Mr Young said a number of NFF members had raised the issue of cost recovery-plus for their specific industries.

“But the NFF’s position has always been at that competition policy principle level, that is where we engage, in that we need to make sure that we don’t have a market player, that because of their asymmetry of information, understands that cost of production and they seek to use that in their negotiations for their advantage.

“We, the NFF wants a situation whereby the producers have access to the purchasing information so that they know that they can take their capital away if they want, if they’re not keen in engaging in an exchange that allows them to sell for greater than their cost of production that they’re free to do what they want,” he said.

“Whereas now we have a marketplace that does not reflect that and we think that is advantaging the retailers, but no, we haven’t gone as far as to call for cost of production-plus.”

Senator Sterle characterised the NFF recommendations as “fluffy” and interpreted the federation’s message that if a few of its suggestions were implemented “that the big retailers will just play fair.”

He asked how the NFF’s recommendations would help farmers who knew the production costs of their short shelf life commodities when “the gorillas at the top of the supply chain say here’s our price take it or leave it?”

“I suppose the challenge we face is that if these are fluffy recommendations, why aren’t they in place,” Mr Young said.

“We  think some of the recommendations around the ACCC having greater powers … we think they will make a difference, we want that, we want them to be armed with the regulatory powers to make clear that that action is not appropriate.”
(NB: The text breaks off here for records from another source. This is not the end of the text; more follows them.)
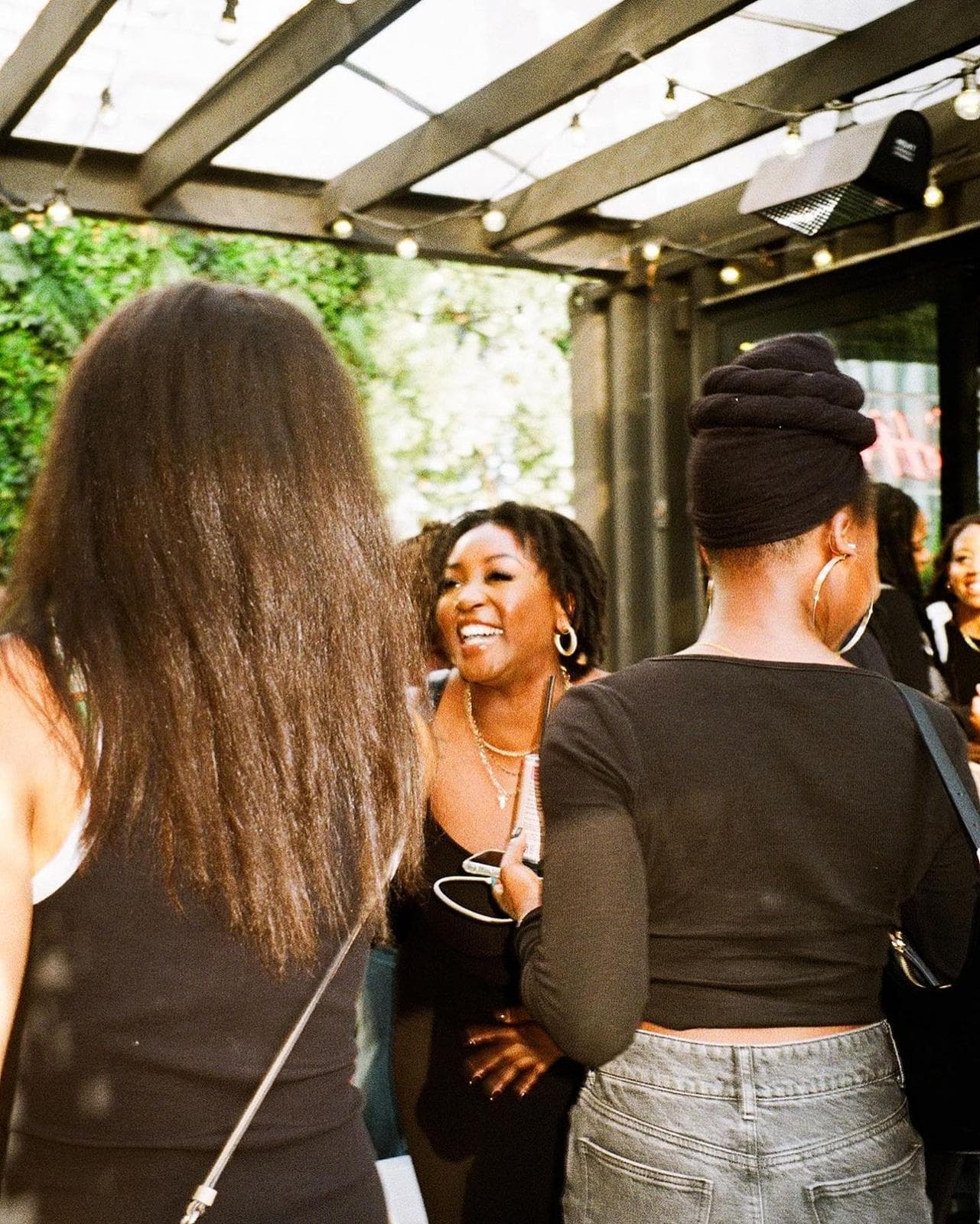 People socializing under a patio with string lights, focusing on two individuals' backs.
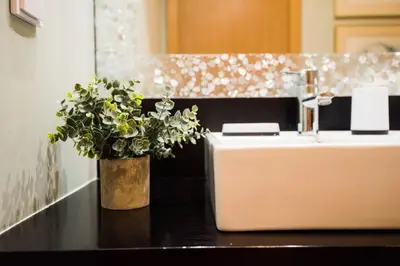 a bathroom sink with a vase of flowers on a counter at Sunrise Apartment in Caniço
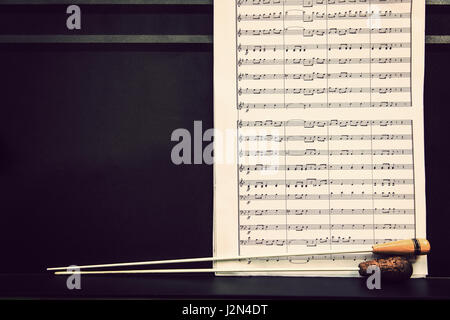 music sheets and conductor's batons on black metal stand in warm retro color tone, with room for copy space Stock Photo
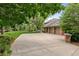 Large backyard with lawn, basketball hoop and three-car garage at 5851 S Colorado Blvd, Greenwood Village, CO 80121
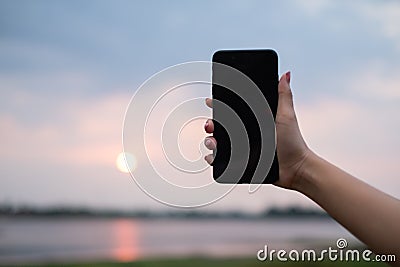 Woman uses she Mobile Phone outdoor, close up Stock Photo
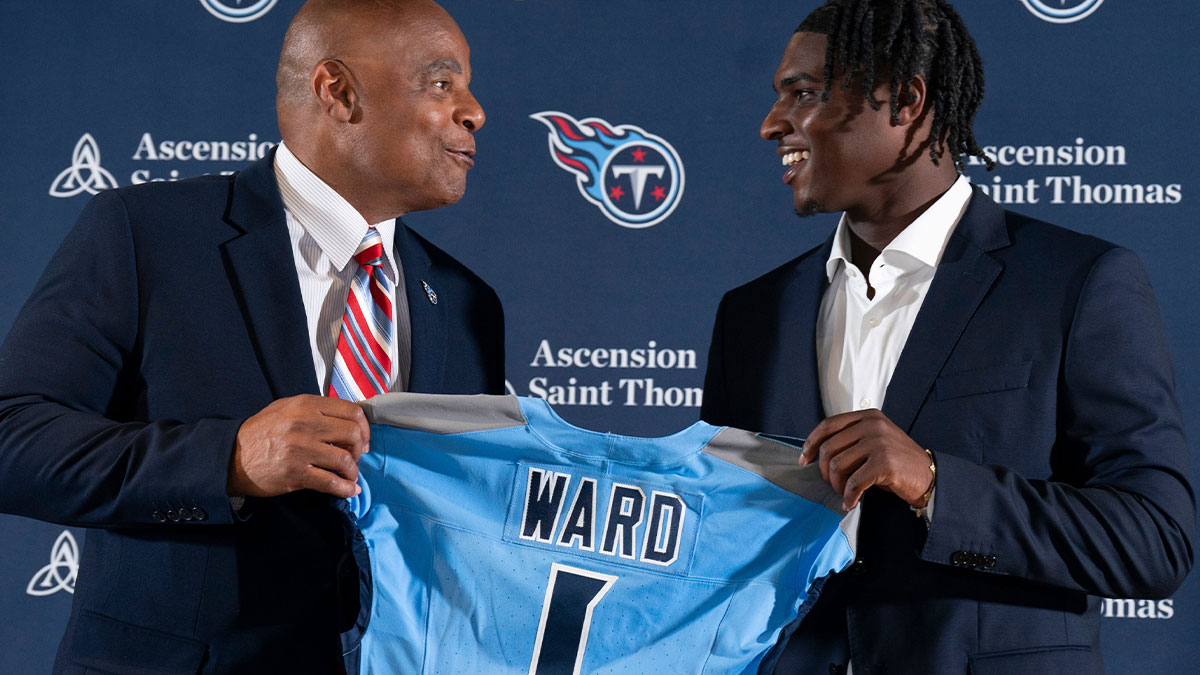 NFL Hall of Fame quarterback Warren Moon, left, poses for pictures with Cam Ward who earlier had been introduced as the Tennessee Titans first-round pick – and overall number one pick – in the NFL Draft at Ascension Saint Thomas Sports Park in Nashville, Tenn., Friday, April 25, 2025. Moon, whose No. 1 jersey is retired for the Tennessee Titans, allowed Ward to wear his number.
Mr Young said the NFF’s recommendations should not be ignored because of the difficulty dispute resolution represented to farmers.

Mr Young disagreed with Senator Sterle’s description of the current producer-supermarket situation as “the free marketeers just letting the market rip.”

“I think what we are seeing is not the free market being let rip,” Mr Young said.

“I think the free market is not playing out in this situation.

“If the free market was playing out perhaps some of these issues would not exist on the systemic level they are,” he said.

“We are calling for the appropriate frameworks so that the free market can …play out free of people whose commercial outcomes are being determined by supply chain participants wielding market power unfairly towards them.”